Exercise goal: Search the listing below for the line containing "All right, Hornady". From there through the line containing "Hey everyone, here", transcribe every line exactly, both ends included.

** Opening Extracted entries block **

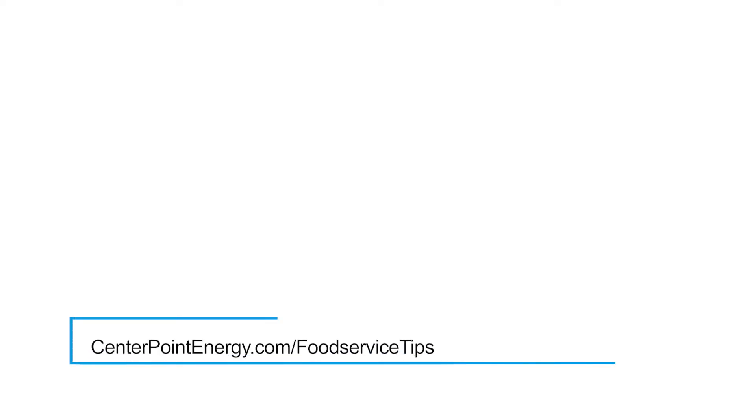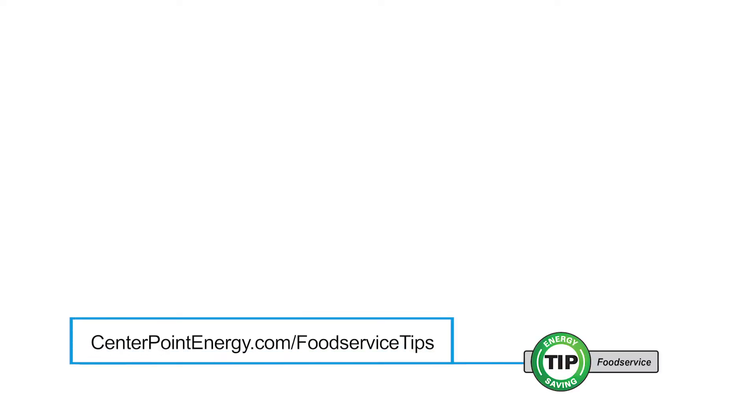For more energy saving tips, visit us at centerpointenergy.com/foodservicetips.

** Closing Extracted entries block **
** Opening Extracted entries block **

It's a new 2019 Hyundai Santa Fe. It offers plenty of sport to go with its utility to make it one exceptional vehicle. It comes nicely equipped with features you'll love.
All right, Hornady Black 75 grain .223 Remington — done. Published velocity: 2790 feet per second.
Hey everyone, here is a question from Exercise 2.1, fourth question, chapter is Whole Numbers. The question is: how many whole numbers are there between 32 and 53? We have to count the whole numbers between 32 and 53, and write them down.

** Closing Extracted entries block **

Answer section:
All right, Hornady Black 75 grain .223 Remington — done. Published velocity: 2790 feet per second.
Hey everyone, here is a question from Exercise 2.1, fourth question, chapter is Whole Numbers. The question is: how many whole numbers are there between 32 and 53? We have to count the whole numbers between 32 and 53, and write them down.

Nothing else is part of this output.